__WHAT IS BEING ASKED__:
Start with the line that holds "Vintage Tech L". Please copy it and each remaining line below exactly, leaving pictures out.

---------- RECORDS PROVIDED

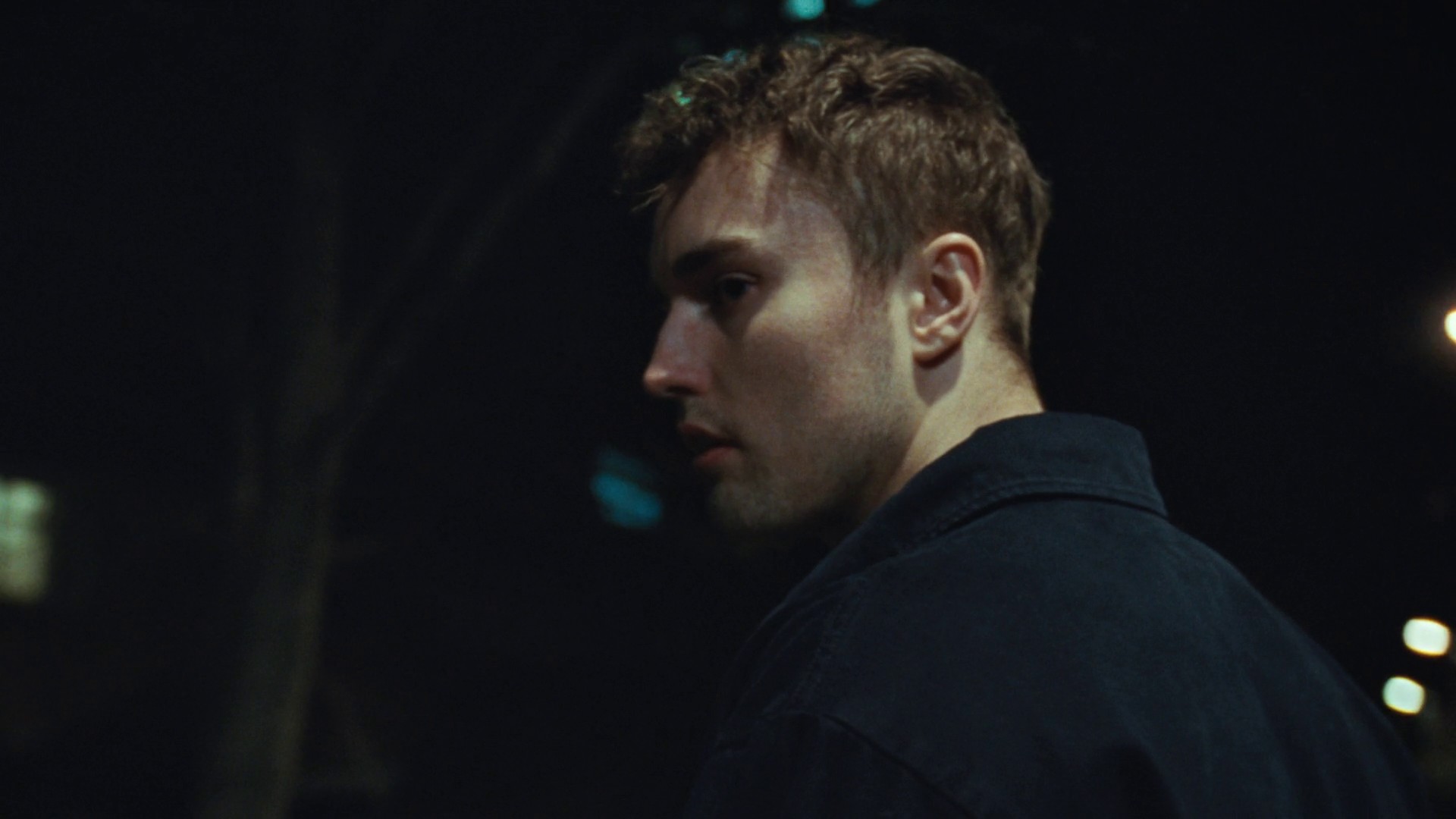 Getting Started (2022) —  shot,  lighting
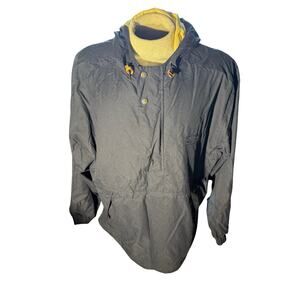 Ericsson 2001 “Drive to 3G” Roadshow Jacket Cutter & Buck Vintage Tech L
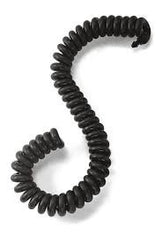 Welch Allyn Coiled Tubing 4 Foot Length For use with Tycos 509 Wall and Mobile Aneroid Sphygmomanometers
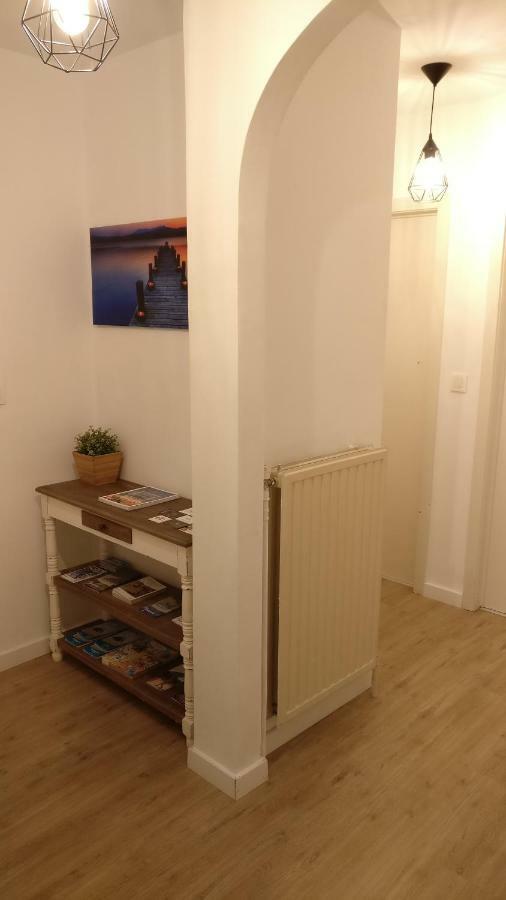Seaside Apartment La Panne Extérieur photo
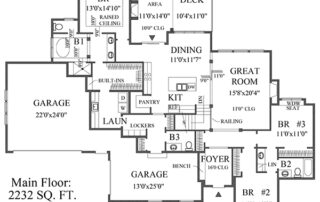 Main Level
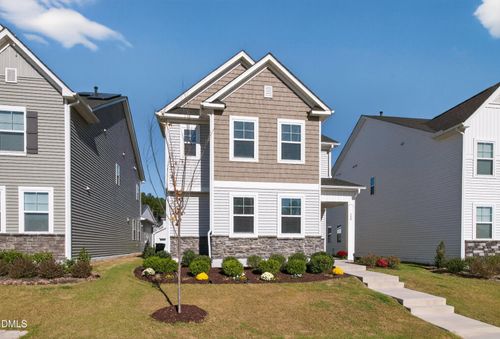 159 Edge Of Auburn Blvd, Raleigh, NC, 27610-8033 | Card Image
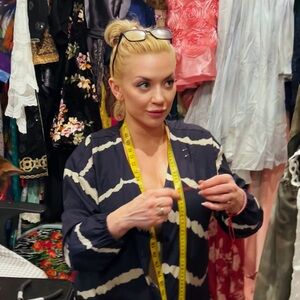 Meet your Posher, Tree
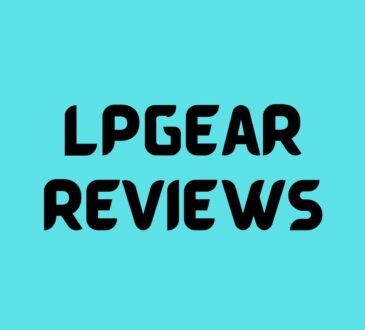 Lpgear Reviews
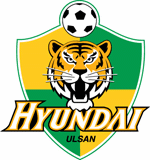 Ulsan Hyundai Fodbold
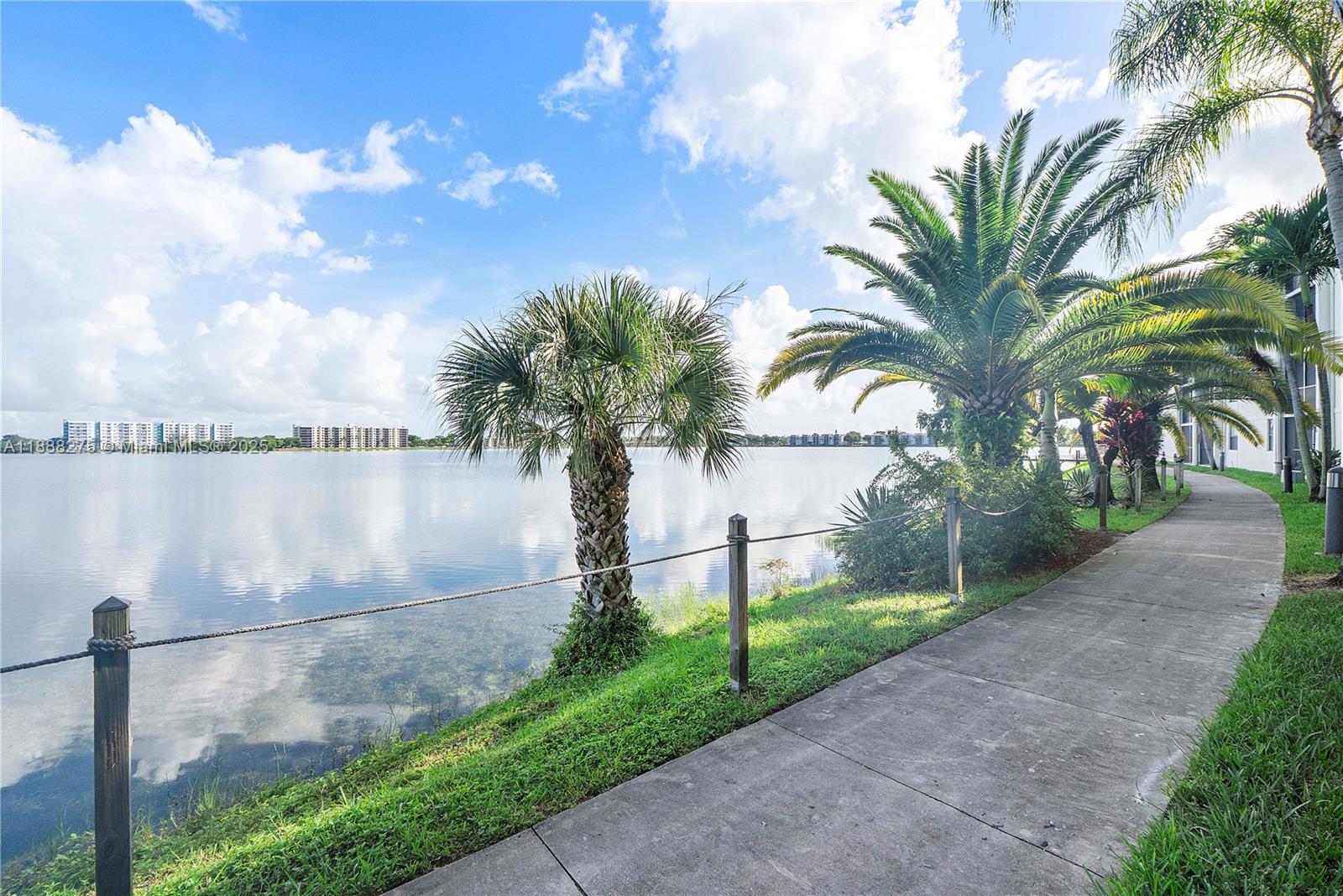 LAKE EMERALD CONDOMINIUM - Residential Lease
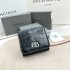 BALENCIAGA Balenciaga 2024SS Sold out this time! trifold wallet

--------------------

__OUTPUT BELOW__:
 Ericsson 2001 “Drive to 3G” Roadshow Jacket Cutter & Buck Vintage Tech L
 Welch Allyn Coiled Tubing 4 Foot Length For use with Tycos 509 Wall and Mobile Aneroid Sphygmomanometers
Seaside Apartment La Panne Extérieur photo
 Main Level
 159 Edge Of Auburn Blvd, Raleigh, NC, 27610-8033 | Card Image
 Meet your Posher, Tree
 Lpgear Reviews
 Ulsan Hyundai Fodbold
 LAKE EMERALD CONDOMINIUM - Residential Lease
 BALENCIAGA Balenciaga 2024SS Sold out this time! trifold wallet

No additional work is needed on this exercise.